We should find another significant frequencies. Hence we repeat c
and e
options. Four consecutive values saved to the table frequencies look like:
1.214720
2.429466
3.644186
4.858932
The final model is composed of sum of four sines with the following parameters:
amplitude frequency phase_angle
0.1589109516 1.2147298878 2.5178341388
0.0793181721 2.4294597755 1.9146753253
0.0457743639 3.6441896633 1.5754808929
0.0164677927 4.8589195511 1.1005553983
y_intercept
17.3740450844
💡 HINT: How do we know when to stop the analysis? We should check a value of S/N ratio. If a subsequent frequency has S/N ratio less than 4.5 it means that there is no significant signal in residuals.
💡 HINT: Despite we have the final model composing of four sines there is still a significant frequency in the periodogram:
0 0.000858 1165.501166 0.00355 6.23 1 0.003562 280.741157 0.00297 5.23 2 0.000390 2564.102564 0.00254 4.46 ...
This long-period variability can be ousted using
d
option. Indeed, removing a trend eliminates this small frequency:0 3.384602 0.295456 0.00215 3.80 1 2.771522 0.360813 0.00207 3.67 2 7.744490 0.129124 0.00197 3.49 ...
To check the model we can display it on a phased light curve. To do this we choose p
option and then select the most significant frequency with the highest amplitude: 1.2147298878
:
👉 NOTE: If there are very small amplitudes of sines a model may not fit to a phased light curve accurately. It doesn't imply that the model is improper at all.
At the end we save results selecting s
option. If a star is variable we answer y
, phase the light curve and add some comment about the star, for example:
RR Lyrae star
All results including a log file with comments for many time series will be stored in a directory pointed by RESULTS_DIR
.
There are a few steps before a new frequency will be added to the final model:
-
Each new frequency is always compared to the already found frequencies. First of all it is checking whether it is enough far from the rest values. Let's assume that
f
is a new frequency,fi
represents a single frequency from the current table frequencies andT
is a time difference between the first measurement and the last one. If(f - fi) < 1/T
then the model will not converge and the whole analysis interrupts automatically. The table frequencies with the new frequency will be moved to the result directory getting a .freq suffix. -
If the new frequency is far enough from the rest, it is compared to linear combinations of the rest
n
frequencies. The combinations are generated according to the pattern in [ Frequencies combination ] section.
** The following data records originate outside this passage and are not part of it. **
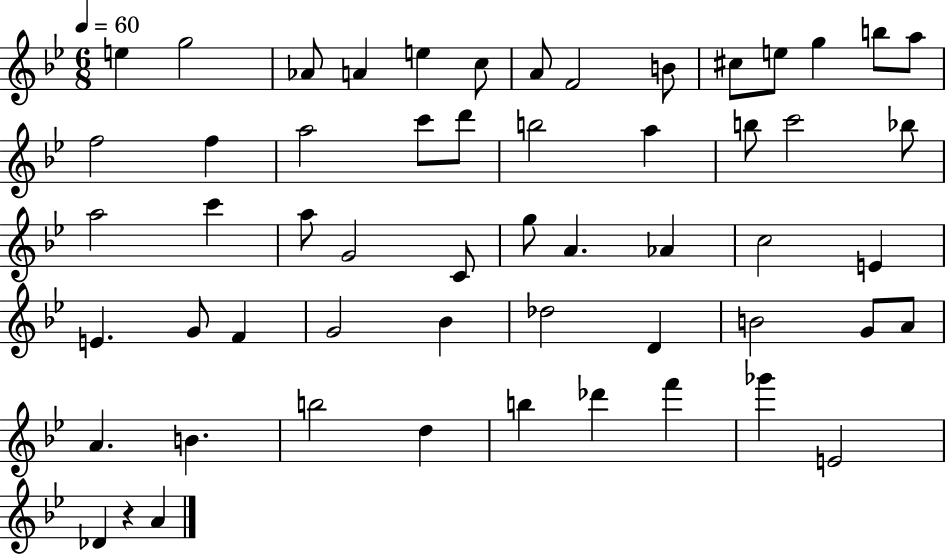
{
  \clef treble
  \numericTimeSignature
  \time 6/8
  \key bes \major
  \tempo 4 = 60
  e''4 g''2 | aes'8 a'4 e''4 c''8 | a'8 f'2 b'8 | cis''8 e''8 g''4 b''8 a''8 | \break f''2 f''4 | a''2 c'''8 d'''8 | b''2 a''4 | b''8 c'''2 bes''8 | \break a''2 c'''4 | a''8 g'2 c'8 | g''8 a'4. aes'4 | c''2 e'4 | \break e'4. g'8 f'4 | g'2 bes'4 | des''2 d'4 | b'2 g'8 a'8 | \break a'4. b'4. | b''2 d''4 | b''4 des'''4 f'''4 | ges'''4 e'2 | \break des'4 r4 a'4 | \bar "|."
}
All combinations which meet the conditionf - (c1*f1 + c2*f2 + ... + cn*fn) < 1/T
are saved and lists of coefficients for each combination are filtered in the following way:- Leave lists of coefficients with the smallest number of non-zero elements,
- Filter lists leaving those with the smallest value of the sum of square coefficients, i.e.
c1*c1 + c2*c2 + ... + cn*cn
, - If still there is more than one list, choose the one that has the smallest number of negative coefficients.
This allows to decrease the number of parameters when a model is fitted to the data.
-
If the new frequency is far enough from the rest and it doesn't depend on the rest frequencies it is just added to a model.